> **Supplied material**
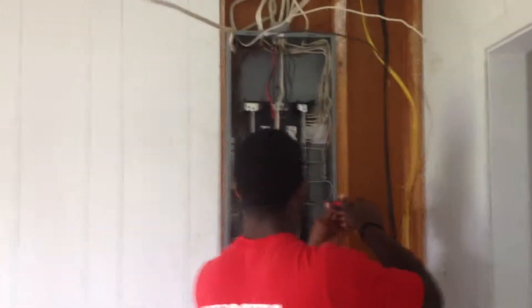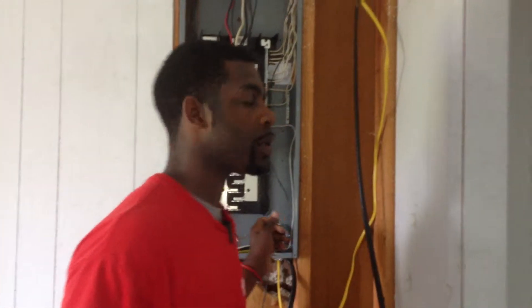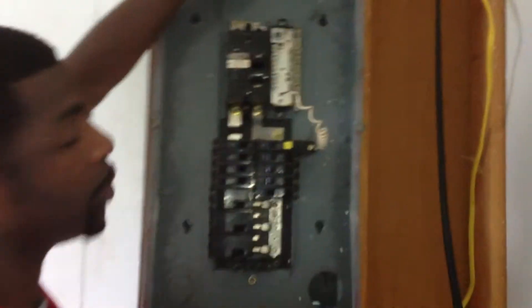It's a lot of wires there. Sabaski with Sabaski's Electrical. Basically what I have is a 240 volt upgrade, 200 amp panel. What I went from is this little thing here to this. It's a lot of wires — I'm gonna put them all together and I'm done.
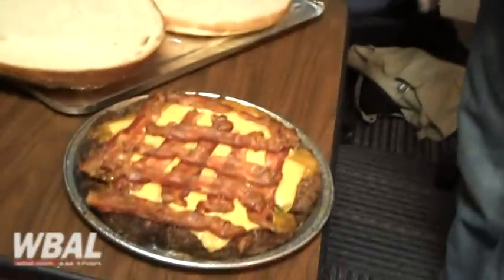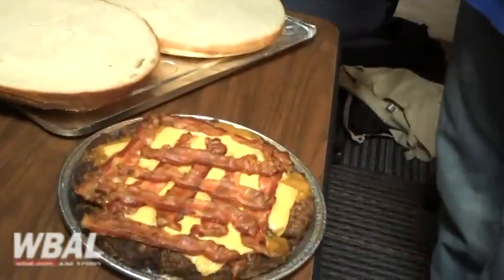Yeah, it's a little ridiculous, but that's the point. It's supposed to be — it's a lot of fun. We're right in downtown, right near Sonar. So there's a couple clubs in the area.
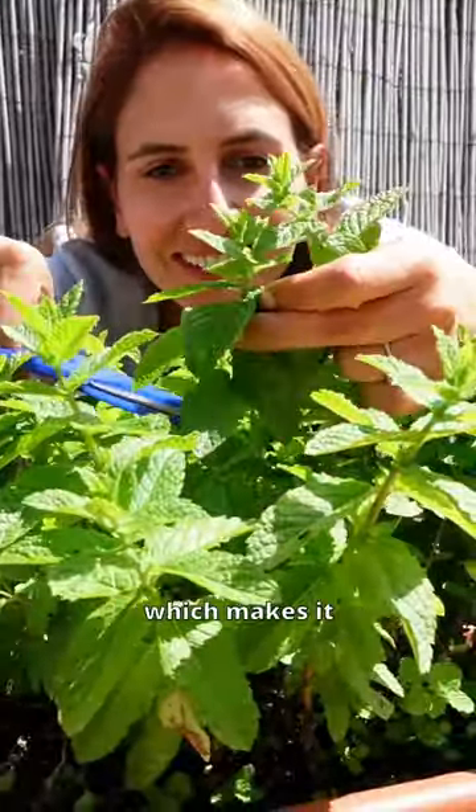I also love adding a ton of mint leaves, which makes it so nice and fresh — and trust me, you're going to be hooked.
---
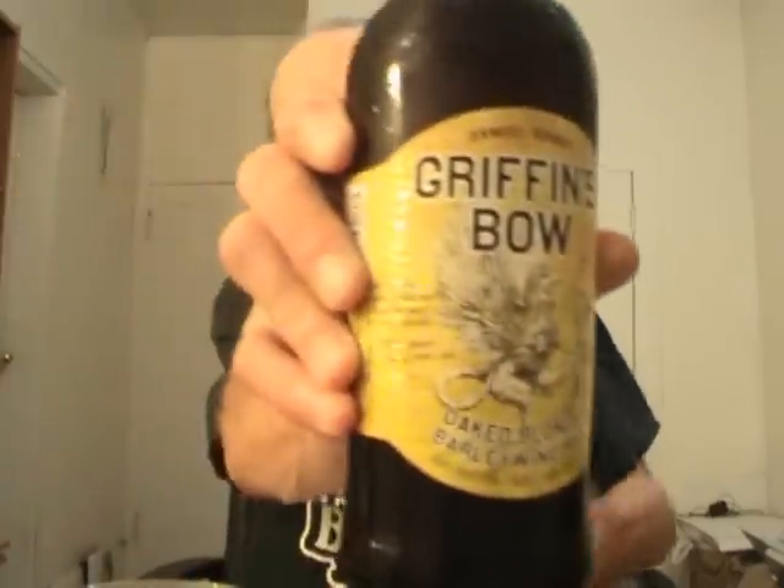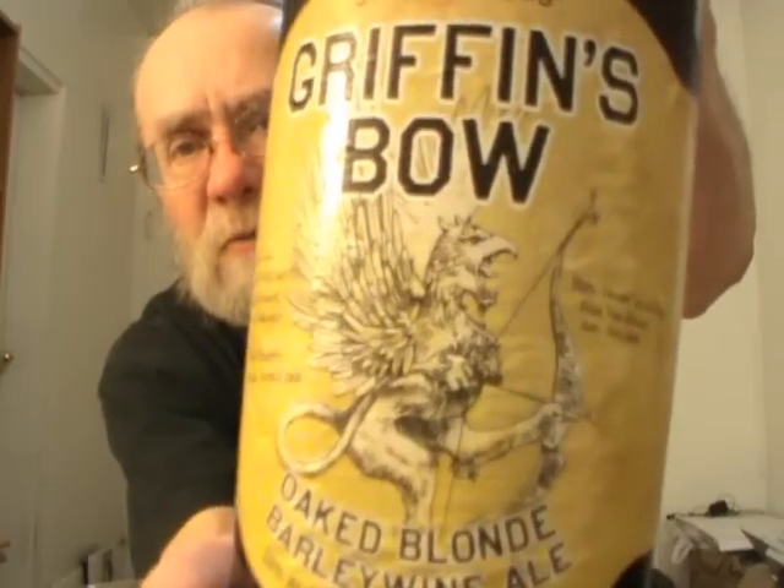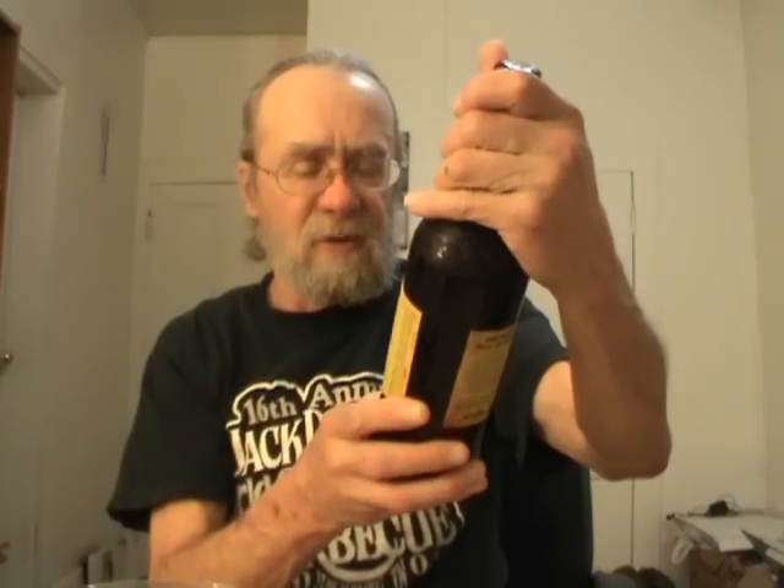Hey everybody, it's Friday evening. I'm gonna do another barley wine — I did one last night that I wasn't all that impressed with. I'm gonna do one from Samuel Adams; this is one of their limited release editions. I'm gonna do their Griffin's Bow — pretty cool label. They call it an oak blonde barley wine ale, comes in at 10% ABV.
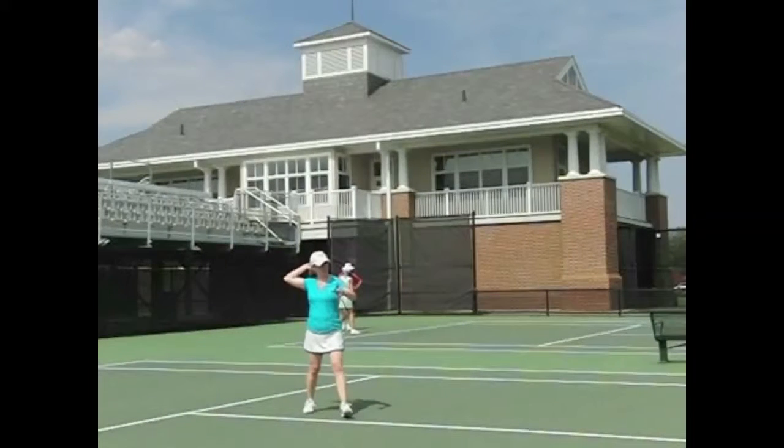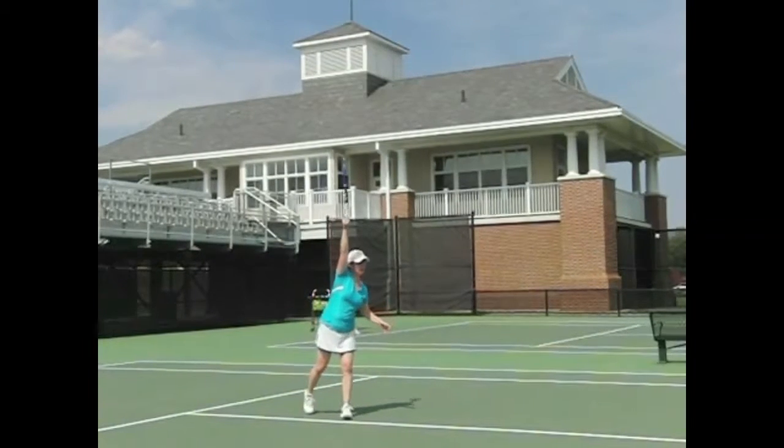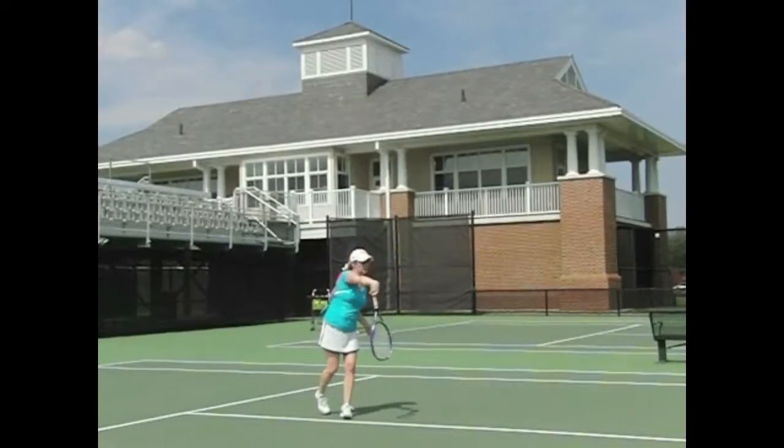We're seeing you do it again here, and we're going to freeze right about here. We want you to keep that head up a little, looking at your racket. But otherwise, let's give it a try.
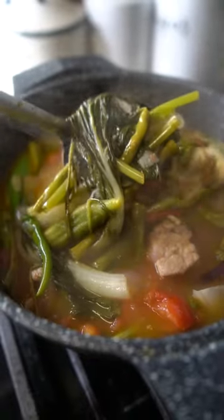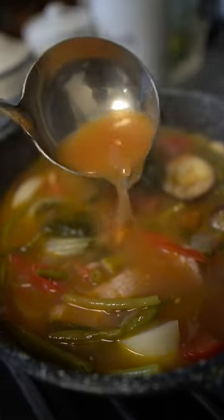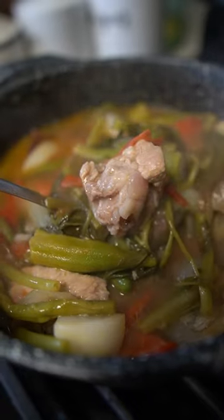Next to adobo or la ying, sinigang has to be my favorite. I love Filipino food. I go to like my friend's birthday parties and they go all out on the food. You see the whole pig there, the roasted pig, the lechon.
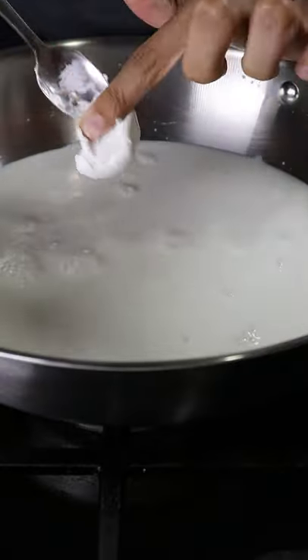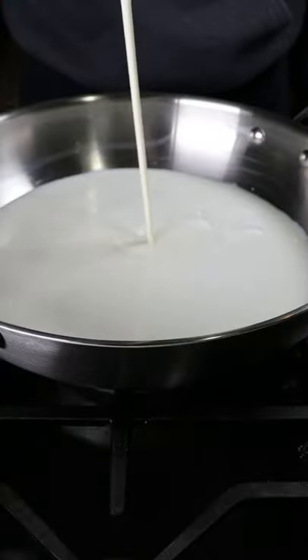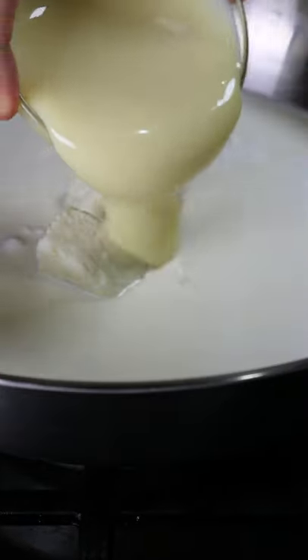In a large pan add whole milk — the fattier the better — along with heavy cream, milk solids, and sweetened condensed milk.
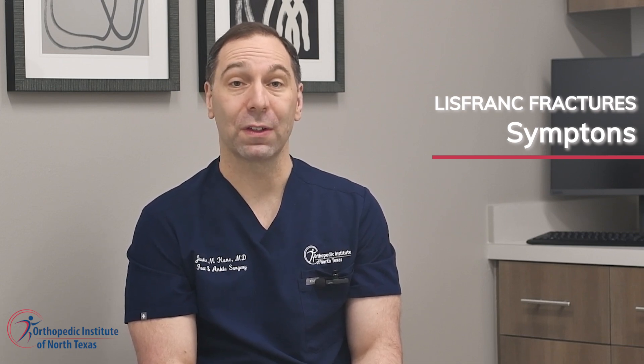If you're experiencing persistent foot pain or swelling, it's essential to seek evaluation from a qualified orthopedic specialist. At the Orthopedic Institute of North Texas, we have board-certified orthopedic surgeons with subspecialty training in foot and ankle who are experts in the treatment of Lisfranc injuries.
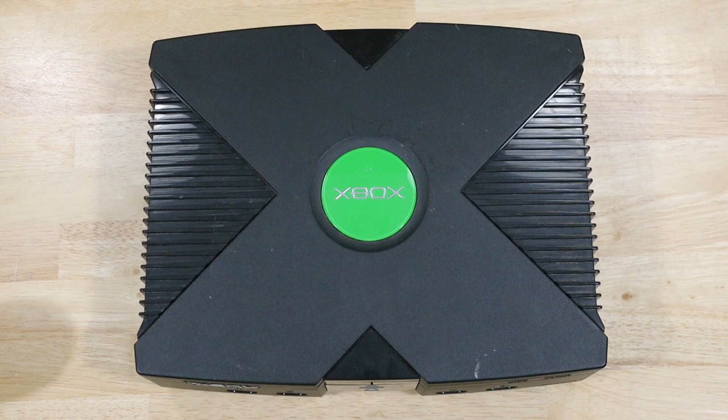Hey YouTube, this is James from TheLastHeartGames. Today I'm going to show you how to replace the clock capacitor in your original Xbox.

> **The problem**
Among the entries above, take the lines from the one with "Next to adobo" through the one with "Hey YouTube, this" and retype them exactly, leaving out the pictures.

> **Task response**
Next to adobo or la ying, sinigang has to be my favorite. I love Filipino food. I go to like my friend's birthday parties and they go all out on the food. You see the whole pig there, the roasted pig, the lechon.
In a large pan add whole milk — the fattier the better — along with heavy cream, milk solids, and sweetened condensed milk.
If you're experiencing persistent foot pain or swelling, it's essential to seek evaluation from a qualified orthopedic specialist. At the Orthopedic Institute of North Texas, we have board-certified orthopedic surgeons with subspecialty training in foot and ankle who are experts in the treatment of Lisfranc injuries.
Hey YouTube, this is James from TheLastHeartGames. Today I'm going to show you how to replace the clock capacitor in your original Xbox.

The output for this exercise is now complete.